Extracting a substring with regex_replace fails

ansible 2.6.0 (devel da5cf72236) last updated 2018/02/14 14:29:49 (GMT +200)

The task seems obvious at first glance but it appears to be difficult to implement in this context.
The string is:
host_meta: “\n \n”

I need to extract the values of rel and href into api_release and api_root.
I unsuccessfully tried the following:

  • set_fact: api_release=“{{ host_meta | regex_replace(‘^.* rel=(.) .$’, ‘\1’) }}”
    when: host_meta is defined

  • set_fact: api_root=“{{ host_meta | regex_replace(‘^.* href=(.)/>.$’, ‘\1’) }}”
    when: host_meta is defined

Both variables contain the whole string instead of the corresponding substring, which should be:
api_release: ‘restconf’

api_root: /restconf

I have already successfully used this filter in other contexts.
What am I missing here? Is the filter confused by the string?

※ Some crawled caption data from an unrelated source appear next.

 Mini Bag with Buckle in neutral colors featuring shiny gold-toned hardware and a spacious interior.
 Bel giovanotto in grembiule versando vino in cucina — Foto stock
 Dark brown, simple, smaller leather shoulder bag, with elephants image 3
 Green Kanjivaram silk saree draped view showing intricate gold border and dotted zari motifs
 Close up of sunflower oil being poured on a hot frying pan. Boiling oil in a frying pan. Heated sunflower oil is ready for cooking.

I have the same difficulty with:

ansible 2.4.3.0 (detached HEAD 8a7f9beab7) last updated 2018/02/14 16:11:16 (GMT +200)

Hi,

The task seems obvious at first glance but it appears to be difficult
to implement in this context.
The string is:
host_meta: "<XRD
xmlns='http://docs.oasis-open.org/ns/xri/xrd-1.0’>\n <Link
rel='restconf' href='/restconf'/>\n</XRD>"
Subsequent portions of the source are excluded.